> [Exercise instructions] None of the pictures should be copied, though every line of the listing must be printed exactly.

> [Supplied material]
::::::::::
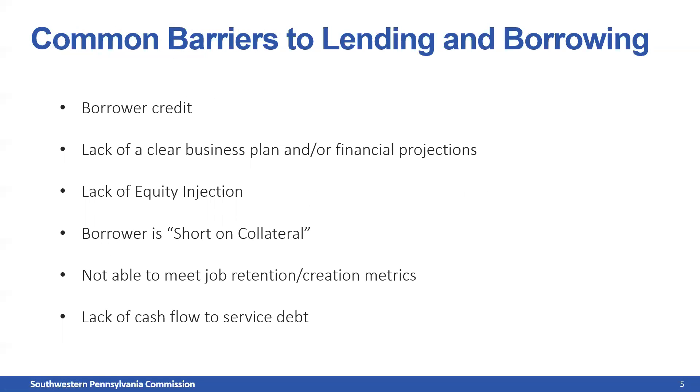So, common barriers to lending. I have a separate slide on each of these barriers for further depth. The barriers that most borrowers face when seeking business financing from SPC include: borrower credit, which is the first one people think of — you need a solid credit score to get a business loan. Another is lack of a clear business plan and financial projections. We'll talk about organizations in the region that can help you craft a business plan and those financial projections.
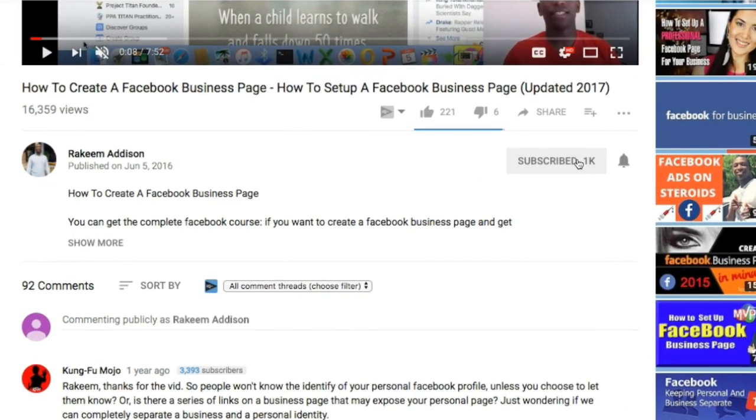My name is Rakim Madison, and if you haven't yet subscribed to the channel, go ahead and smash that subscribe button and tick that bell icon if you want to learn how to build a long, sustainable business that will give you the freedom you deserve.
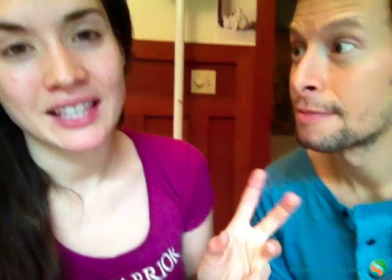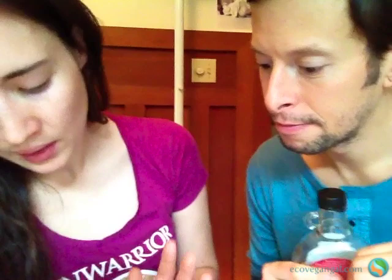So we went to Bed Bath & Beyond because I remembered seeing something that said eco-friendly non-stick. And lo and behold, we found Orgrenic, which makes eco-friendly, non-toxic, inexpensive pans — $20 for a 10-inch pan. Seemed a little too good to be true, so I did a little bit of research. Didn't see anything incredibly bad. It's free of all the dangerous stuff — no PTFE, which is what's in Teflon, or PFOA.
::::::::::
> [Result of this exercise]
So, common barriers to lending. I have a separate slide on each of these barriers for further depth. The barriers that most borrowers face when seeking business financing from SPC include: borrower credit, which is the first one people think of — you need a solid credit score to get a business loan. Another is lack of a clear business plan and financial projections. We'll talk about organizations in the region that can help you craft a business plan and those financial projections.
My name is Rakim Madison, and if you haven't yet subscribed to the channel, go ahead and smash that subscribe button and tick that bell icon if you want to learn how to build a long, sustainable business that will give you the freedom you deserve.
So we went to Bed Bath & Beyond because I remembered seeing something that said eco-friendly non-stick. And lo and behold, we found Orgrenic, which makes eco-friendly, non-toxic, inexpensive pans — $20 for a 10-inch pan. Seemed a little too good to be true, so I did a little bit of research. Didn't see anything incredibly bad. It's free of all the dangerous stuff — no PTFE, which is what's in Teflon, or PFOA.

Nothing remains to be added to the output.